** BRIEF **
Which of the lines below mention the word "across"? Pull each one out.

** PROVIDED MATERIAL **
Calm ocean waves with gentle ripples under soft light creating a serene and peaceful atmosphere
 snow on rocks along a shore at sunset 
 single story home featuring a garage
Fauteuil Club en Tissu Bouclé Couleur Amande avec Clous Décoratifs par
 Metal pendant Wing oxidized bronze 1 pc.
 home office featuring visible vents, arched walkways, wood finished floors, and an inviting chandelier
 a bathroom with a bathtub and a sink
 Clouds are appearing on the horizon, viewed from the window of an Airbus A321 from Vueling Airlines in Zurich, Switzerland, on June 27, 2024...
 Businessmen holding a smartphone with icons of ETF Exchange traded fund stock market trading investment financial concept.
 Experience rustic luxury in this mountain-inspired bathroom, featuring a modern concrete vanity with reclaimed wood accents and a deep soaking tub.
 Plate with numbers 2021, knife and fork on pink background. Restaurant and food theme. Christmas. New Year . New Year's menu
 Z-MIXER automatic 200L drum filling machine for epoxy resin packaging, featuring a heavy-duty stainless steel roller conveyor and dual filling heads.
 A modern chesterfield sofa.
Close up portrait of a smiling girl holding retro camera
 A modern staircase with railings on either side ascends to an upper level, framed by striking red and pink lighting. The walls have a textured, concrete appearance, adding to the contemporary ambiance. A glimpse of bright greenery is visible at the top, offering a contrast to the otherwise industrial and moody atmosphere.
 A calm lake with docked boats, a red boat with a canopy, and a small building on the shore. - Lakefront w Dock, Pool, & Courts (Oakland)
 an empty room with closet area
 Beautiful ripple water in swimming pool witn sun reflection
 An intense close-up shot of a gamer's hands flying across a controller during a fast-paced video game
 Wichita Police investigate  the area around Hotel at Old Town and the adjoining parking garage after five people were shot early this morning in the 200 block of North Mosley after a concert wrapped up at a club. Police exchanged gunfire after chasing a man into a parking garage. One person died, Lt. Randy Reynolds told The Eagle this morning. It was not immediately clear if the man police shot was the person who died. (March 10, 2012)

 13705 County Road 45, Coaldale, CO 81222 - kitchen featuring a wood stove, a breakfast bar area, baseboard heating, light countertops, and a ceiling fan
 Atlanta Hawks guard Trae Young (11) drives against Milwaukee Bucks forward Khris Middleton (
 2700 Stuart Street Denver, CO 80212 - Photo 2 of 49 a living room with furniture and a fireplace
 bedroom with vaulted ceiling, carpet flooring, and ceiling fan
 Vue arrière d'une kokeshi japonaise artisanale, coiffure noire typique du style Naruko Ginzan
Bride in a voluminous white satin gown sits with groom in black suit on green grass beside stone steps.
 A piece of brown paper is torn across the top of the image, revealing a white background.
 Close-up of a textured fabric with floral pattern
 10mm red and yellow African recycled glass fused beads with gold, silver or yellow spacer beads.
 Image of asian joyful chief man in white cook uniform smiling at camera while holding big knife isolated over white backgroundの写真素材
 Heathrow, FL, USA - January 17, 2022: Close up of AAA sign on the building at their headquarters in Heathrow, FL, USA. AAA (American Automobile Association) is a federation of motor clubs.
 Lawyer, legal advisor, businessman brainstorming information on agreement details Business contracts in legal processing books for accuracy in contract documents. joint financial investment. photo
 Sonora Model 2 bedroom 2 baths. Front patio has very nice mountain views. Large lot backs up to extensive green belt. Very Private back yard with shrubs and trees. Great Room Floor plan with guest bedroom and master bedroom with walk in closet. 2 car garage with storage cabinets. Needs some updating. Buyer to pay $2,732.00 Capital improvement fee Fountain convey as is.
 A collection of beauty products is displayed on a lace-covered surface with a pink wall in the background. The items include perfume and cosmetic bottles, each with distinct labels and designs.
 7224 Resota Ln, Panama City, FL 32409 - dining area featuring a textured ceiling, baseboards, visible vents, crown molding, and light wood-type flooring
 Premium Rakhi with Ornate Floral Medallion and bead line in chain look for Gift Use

** PROBLEM SOLUTION **
 An intense close-up shot of a gamer's hands flying across a controller during a fast-paced video game
 A piece of brown paper is torn across the top of the image, revealing a white background.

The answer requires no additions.